People often ask me how I come up with a song. I have a hard time answering that question because each song starts uniquely and then develops its own world. A song might germinate as a thought that keeps adding to itself over time until I ﬁnally sit down and work it out. Or, a song might begin in a chord progression I ﬁnd when I’m playing around on my guitar and I might write into the night until I ﬁnish it. I wouldn’t say my songs write themselves but I would say they establish themselves quickly and their world becomes immutable from my perspective. Its almost impossible for me to return to a song and change it once I feel it ﬁnish. I just move onto the next one, not knowing where its going to start from but trusting there’s always another one there because my life is so full of experience and emotion. And I know that as long as I stick to the truth and don’t try to fabricate it, each song will ﬁnd its ﬁnish and will work for me.
I’m also often asked who I write for. I guess I write for myself mostly, if I’m being honest. A great singer/songwriter told me that his Dad told him to play a song so often that it’d be like sawing wood. And if it felt solid when he played it over and over and if he enjoyed singing and playing it over and over, then he’d know he’d written a good song. I ﬁnd myself approaching my songs that way. If I’m not having fun tinkering with a song and playing it and its parts over and over as I go, then it’s not developing for me and I’m not happy with it. Of course I hope I’m telling a story by the end that someone else will enjoy sharing in with me when they hear it down the road but that’s not the motivation behind what I do.

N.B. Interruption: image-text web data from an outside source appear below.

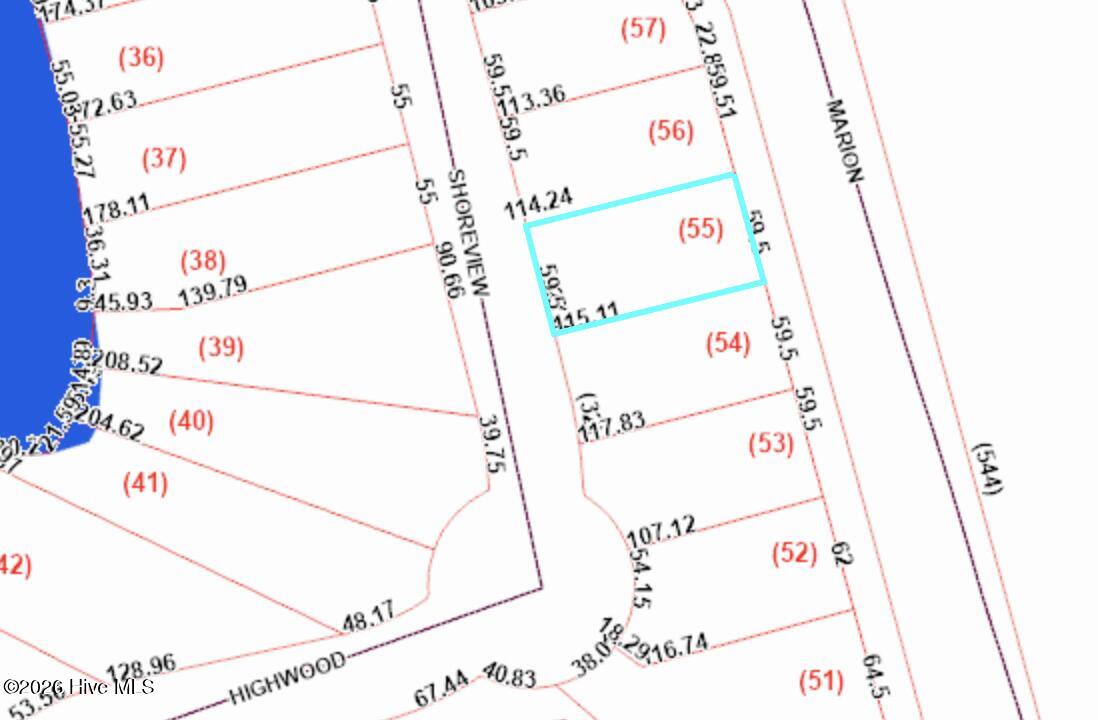 Parcel map with lot 55 outlined in cyan beside Shoreview Drive.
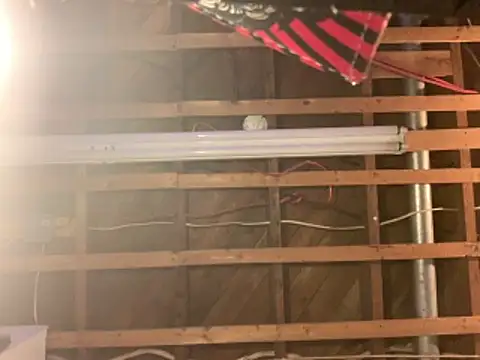 Pilote19 online show from April 23, 7:16 pm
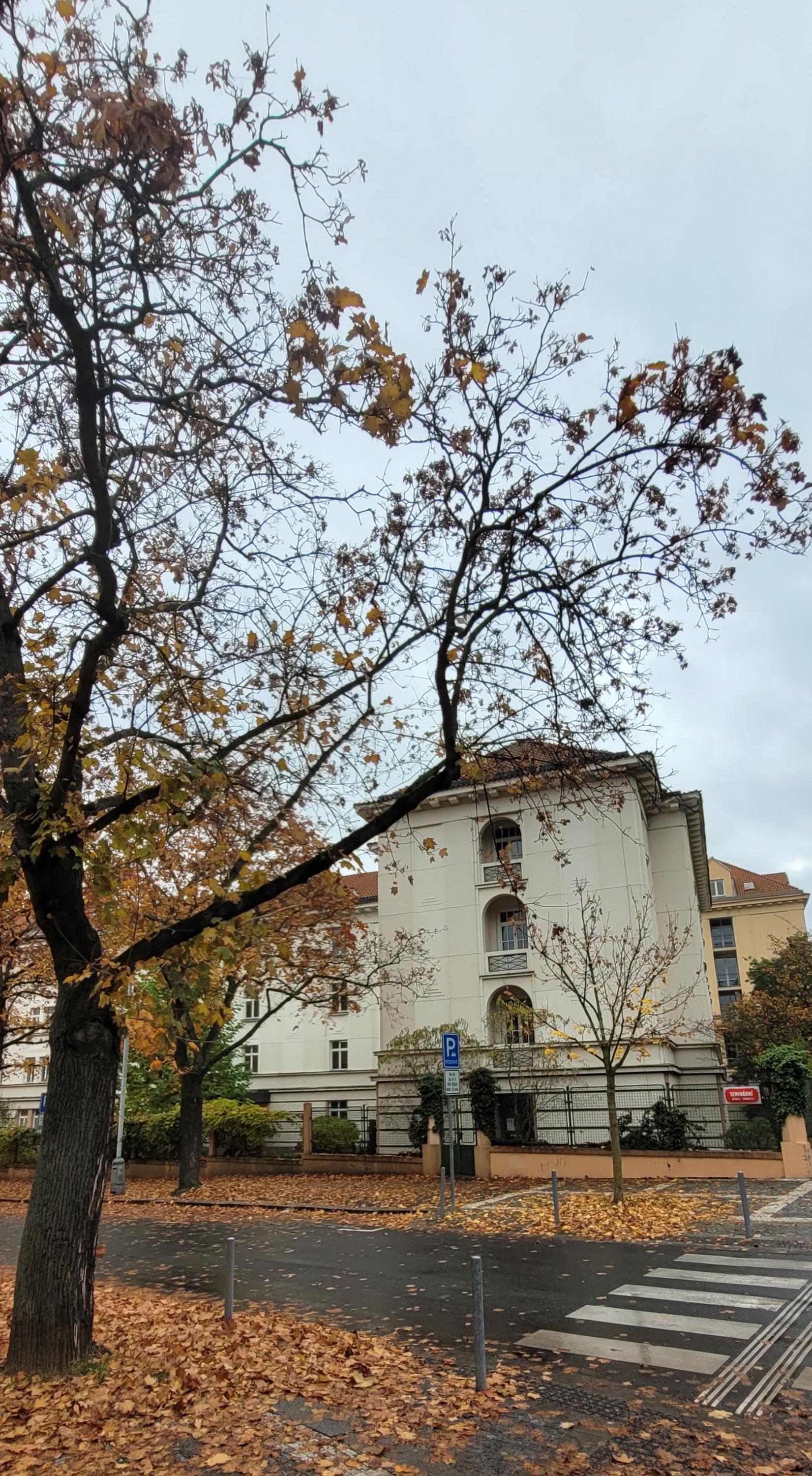 Katolická teologická fakulta - Univerzita Karlova foto 4
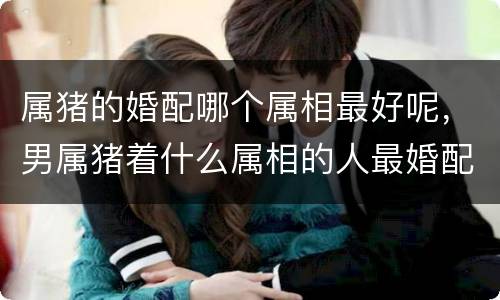 属猪的婚配哪个属相最好呢，男属猪着什么属相的人最婚配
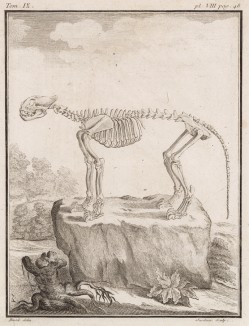 Скелет (лист VIII иллюстраций к девятому тому знаменитой "Естественной истории" графа де Бюффона, изданному в Париже в 1761 году)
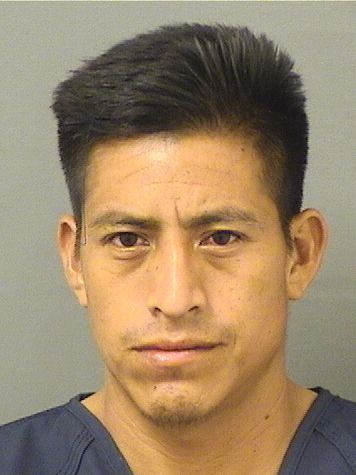  BELISARIO MENDOZASANCHEZ Results from Palm Beach County Florida for  BELISARIO MENDOZASANCHEZ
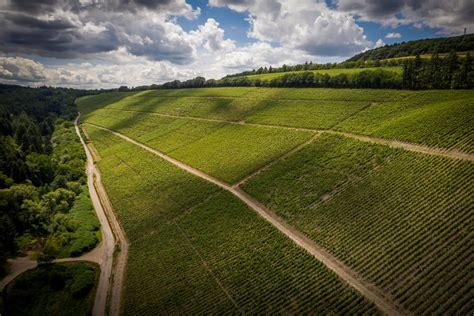 Weingut Maximin Grünhaus Maximin von Schubert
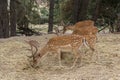 Group Of Four Fallow Deer Dama Dama grazing in the forest Royalty Free Stock Photo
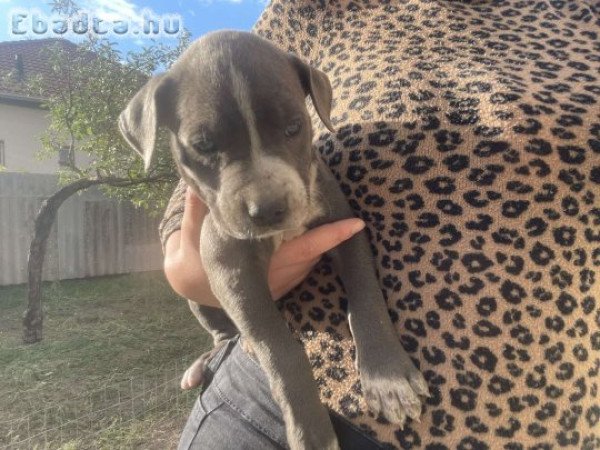 Eladó fajtiszta  amerikai staffordshire terrier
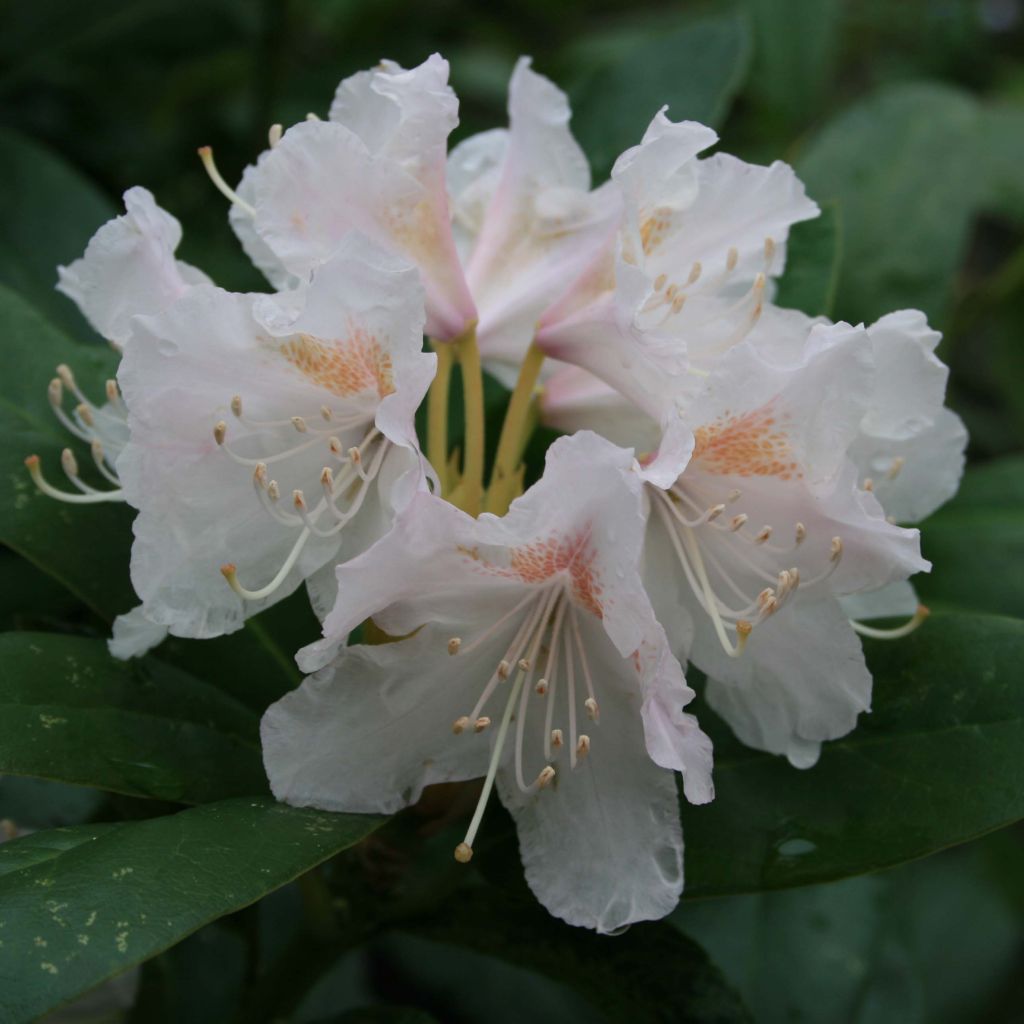 Rhododendron Cunninghams White
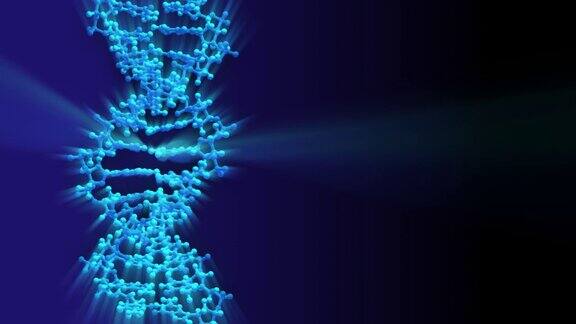 DNA模型旋转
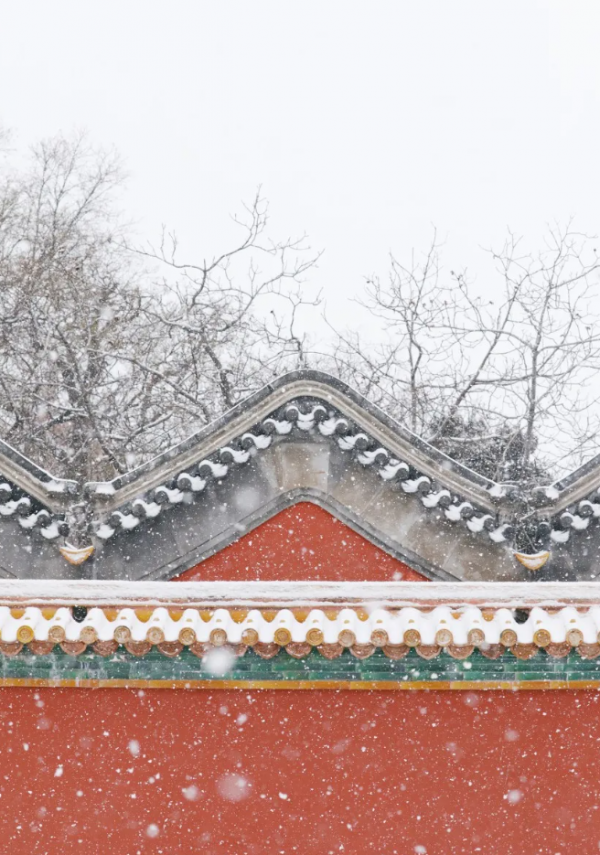 北方初雪美遍全網，國內這10個賞雪最佳城市，此生一定要去一次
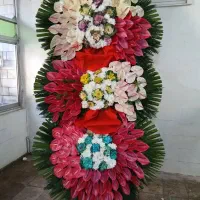 انوا تاج گل برای افتتاحی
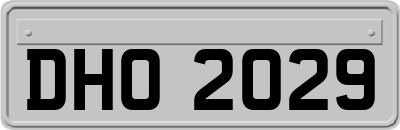 DHO2029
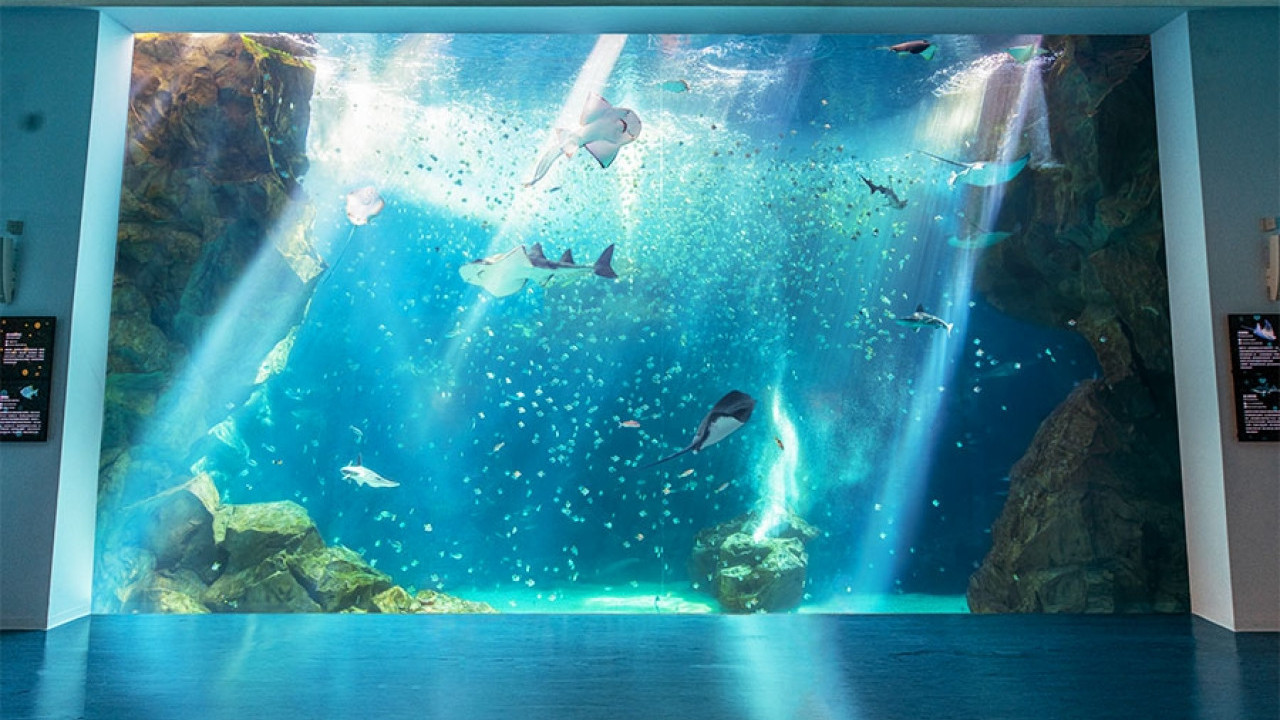 XPark桃園水族館7大亮點 360度沉浸空間！遊歷久石讓海洋音樂世界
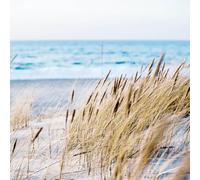 Ceanothe Tableau sur verre sandy beach 30x30 cm - Impression Image Haute Définition Pour Décoration Murale avec Finition Brillante Fabriqué en France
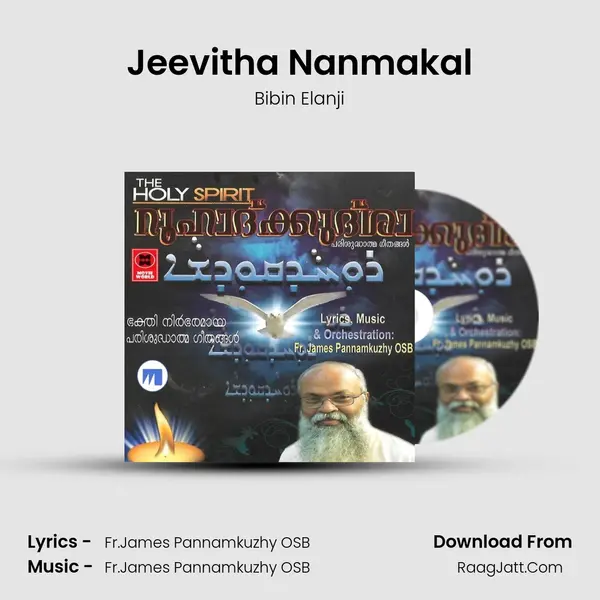 Jeevitha Nanmakal MP3 Song by Bibin Elanji Cover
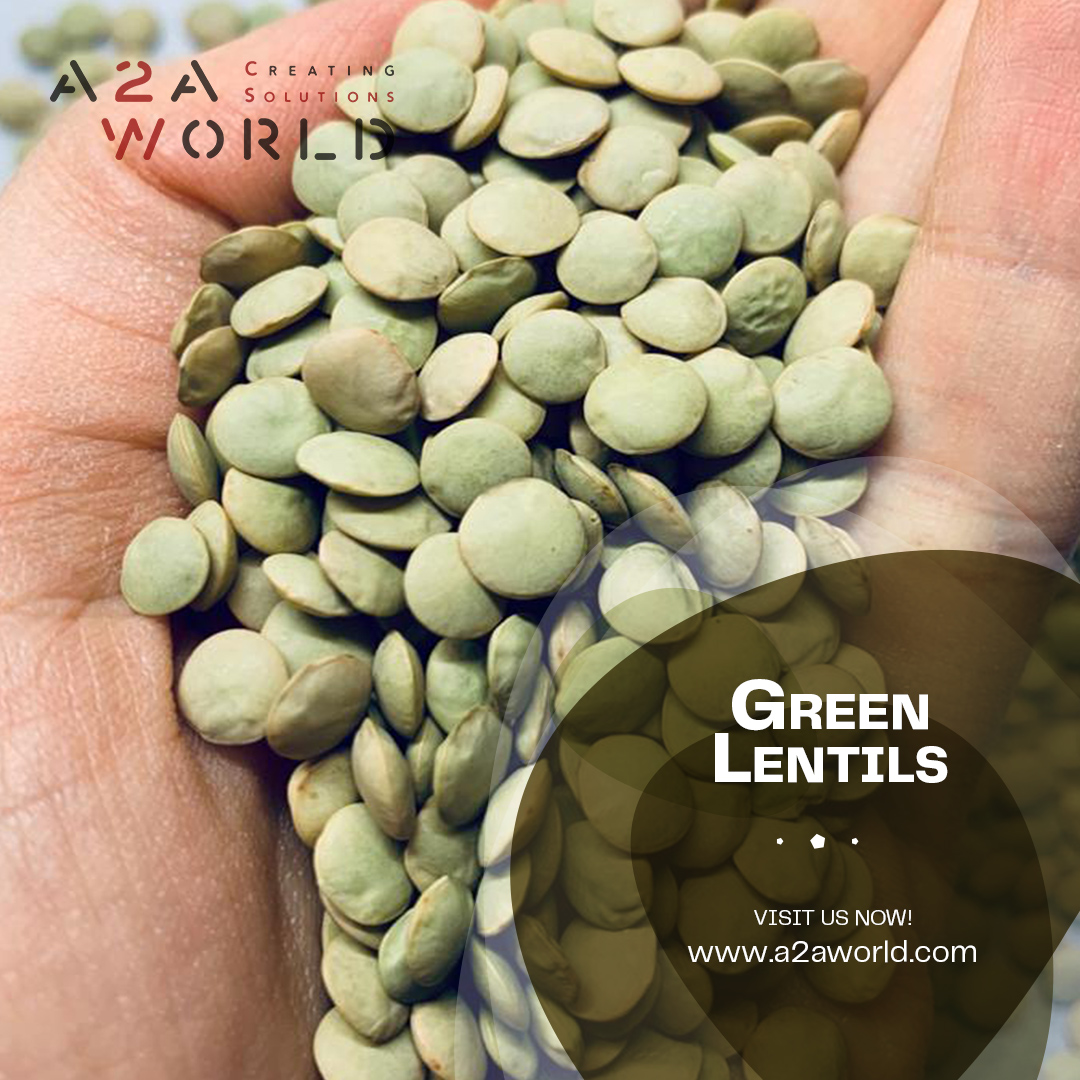 A2A_World's tweet photo. Red and Green Lentils Available in Stock Ready to Load. 

Sortex Quality

Order now by sending us an email through:
sales@a2aworld.com.tr
#lentils #redlentils #export #import #agriculture #agriproducts #Turkey #Canada #Russia #greenlentils #vegetarian #healthy #healthfood https://t.co/ZS09sbal4G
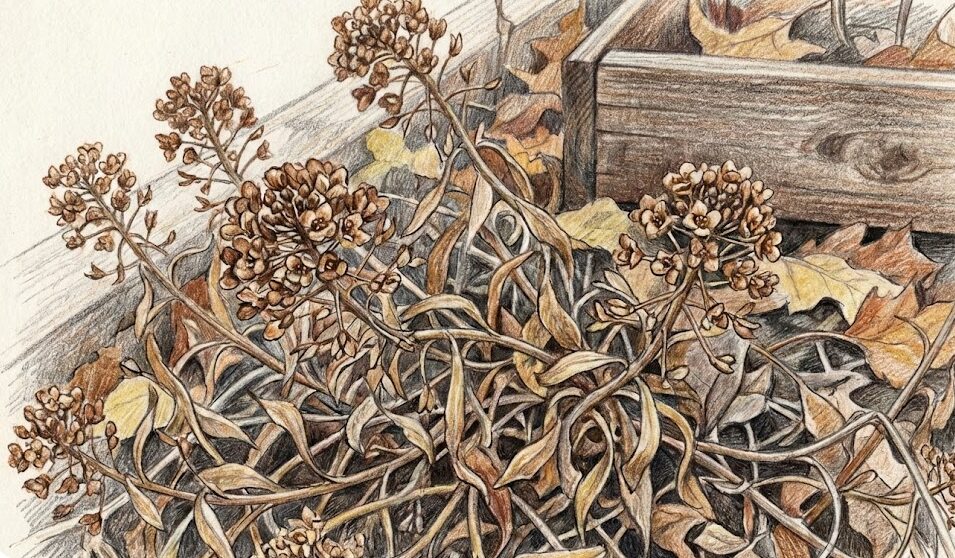 アリッサムの枯れる原因と診断法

My favorite songs are not the songs others like the most. They are songs that I gravitate back to playing because I just like playing them. They feel organic to me and I don’t have to think much. They are usually easier for me to sing, more in my wheelhouse range-wise than a lot of the others might be. And often, the lyrics to these came from a place that I enjoy more than anyone else because the time or place or story is more personal than universal. “Girls and Squirrels” is one of my favorites. It hasn’t been recorded. I played it in a picking circle once and no one could get beyond the title words. I was supposed to be practicing augmented chords and I kept looking at my dog in the backyard parked under an oak tree on perpetual squirrel watch. And I thought to myself that if I were a guy, I might learn something from my dog that I could apply to my pursuit of girls. The augmented “G” worked it’s way into the chord progression so I was off and running with the song. There are a few others I keep coming back to that I play when I’m hanging out and supposed to be working on something else.